I have a method call in the constructor of my user control that does something that won't work at design time (connecting to a database), and Visual Studio just bailed out when I tried to add that control to the GUI designer.
Sure, I can factor out that code to a separate method, but I don't like the idea that every time I use that object I need to remember to execute a certain method which is essential to that object's function (that's what the constructor is for.).

Is there something like a preprocessor symbol that I can mark my code with so that Visual Studio won't try to execute that code at design time?

Answer 1

As others have stated, you can use the DesignMode property of the Component class. However, you will not be able to do this in the constructor of your control. The DesignMode property is always false in the constructor and methods called by the constructor. To get around this, re-factor your code to connect to the database in the OnLoad() callback. The DesignMode property is valid at that point. See here for the reasoning (look for the DesignMode section of the article).

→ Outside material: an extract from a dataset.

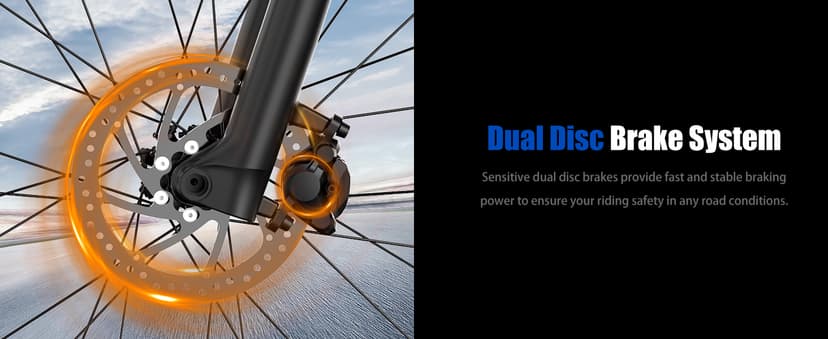 Electric Bike for Adults, 1000W Peak Motor, 60 Miles 22Mph Electric Bike, 26" Commuter E Bikes with 48V Built-in Removable Battery, Step-Thru Ebike, Adjustable Stem, 7-Speed & Front Suspension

I just ran across this blog entry that describes how to use the System.ComponentModel.LicenseManager.UsageMode property for doing the same thing. The blog describes an additional shortcoming of the DesignMode property when dealing with nested controls. Apparently, the UsageMode property doesn't have the same shortcomings and is available for use in the constructor. I cannot personally vouch for it, but might be worthwhile looking into.

Answer 2

In Windows Forms?

if (!DesignMode)
{
    // code that shouldn't be executed at design time
}

As others have mentioned, this won't work in the constructor. It's often used in the Form.Load event.

Answer 3

Have a look at this

Component.DesignMode Property

Answer 4

I liked Michael Petrotta's approach for Windows Forms. If anyone wants to apply the same technique to WPF, simply use IsInDesignMode .

Example:

public SomeViewModel()
{
    if (!IsInDesignMode)
    {
        DoWork();
    }
}

Answer 5

public SomeViewModel()
{
    if (!IsInDesignMode)
    {
        DoWork();
    }
}

This code above if you are working on the actual UI that you are trying to work on. In a situation that you have something like this on a control, when you switch back to the designer for that control it's ok and no design time error. Now if you added that control that contains the code above to some other Form or another control via dragging it from the toolbox, it will show some design time errors.

Answer 6

This is the only code that worked for me, using WPF UserControl on a Windows Form.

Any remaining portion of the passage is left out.